Dutch Bob made “arrangements” through some Dutch Embassy fringe employees to pay off Karachi customs officials. Every three or four months I would put the overland-out-of-Kabul-to-Karachi trip together. Dutch Bob took it airport-to-airport into Europe after that. Then I would break away from our idyllic life in Jangalak, put on the white linen suit and go to Amsterdam to collect. The demand for Tibetan carpets and primitive Nepali Tribe jewelry was taking off in Europe as well. Buddha statues were in demand.
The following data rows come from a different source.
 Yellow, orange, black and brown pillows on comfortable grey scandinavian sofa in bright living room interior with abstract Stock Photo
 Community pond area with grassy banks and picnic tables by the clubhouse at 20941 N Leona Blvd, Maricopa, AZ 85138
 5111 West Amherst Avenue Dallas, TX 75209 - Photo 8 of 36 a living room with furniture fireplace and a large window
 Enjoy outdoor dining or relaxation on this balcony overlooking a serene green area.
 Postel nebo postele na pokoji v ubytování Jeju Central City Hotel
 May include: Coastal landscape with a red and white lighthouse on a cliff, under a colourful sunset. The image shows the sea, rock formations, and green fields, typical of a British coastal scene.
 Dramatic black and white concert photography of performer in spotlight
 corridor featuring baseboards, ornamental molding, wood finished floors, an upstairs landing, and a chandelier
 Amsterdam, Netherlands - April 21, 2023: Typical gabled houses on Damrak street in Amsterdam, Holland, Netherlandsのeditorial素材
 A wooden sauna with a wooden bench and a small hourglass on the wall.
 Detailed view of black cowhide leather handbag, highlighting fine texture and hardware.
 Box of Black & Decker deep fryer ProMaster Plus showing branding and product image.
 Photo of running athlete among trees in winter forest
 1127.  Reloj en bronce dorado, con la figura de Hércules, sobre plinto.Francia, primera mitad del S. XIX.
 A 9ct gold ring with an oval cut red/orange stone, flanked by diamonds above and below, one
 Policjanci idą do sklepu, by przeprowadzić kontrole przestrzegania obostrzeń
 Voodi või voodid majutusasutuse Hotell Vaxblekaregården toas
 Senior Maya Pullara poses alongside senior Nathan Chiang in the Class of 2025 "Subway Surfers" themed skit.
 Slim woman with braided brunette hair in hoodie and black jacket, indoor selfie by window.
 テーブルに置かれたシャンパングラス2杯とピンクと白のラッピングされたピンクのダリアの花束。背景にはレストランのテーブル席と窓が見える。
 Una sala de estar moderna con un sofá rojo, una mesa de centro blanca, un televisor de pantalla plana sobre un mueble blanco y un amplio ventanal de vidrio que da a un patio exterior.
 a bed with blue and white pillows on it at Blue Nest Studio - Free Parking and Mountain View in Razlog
Between meetings with Dutch Bob I found time to fly back to the States to visit my friend Bill Wassman. Bill had purchased the top floor of an old warehouse in New York City’s SoHo district. It was a 4400 sq. ft., well-lit skeleton. He had a double bed, a coffee pot and a refrigerator. I brought in a futon, blanket and pillow as a house warming present. An actor named Robert DeNiro bought the floor below to fix up for his mother, Bill said.

Bill and I went out to Max’s Kansas City club to hear Lou Reed with his new band, but we couldn’t get into the place. Outside in the crowd, also unsuccessful in gaining entrance, was a tall, good looking blond man about our age who was wearing a baseball cap from the same university we had attended. It was The Sizzler. We all ended up back at Bill’s l’artiste primitivo loft and got to know each other over some Durbin poison weed. The Sizzler knew a sailor. The sailor knew somebody who knew somebody on the docks in Brooklyn. Every few months Sizzler visited the sailor in New York City. The Sizzler then drove South African herb 1200 miles to Chicago.

I enlisted Sizz in the Afghan to Amsterdam operation, offering him the position of “cold-hard-cash courier.” All the money had to be brought into Afghanistan via money belt and money belt only.

While the money bazaar in Kabul was wide open and you could exchange currencies of any nation in the world for any other, checks of any sort were prohibited.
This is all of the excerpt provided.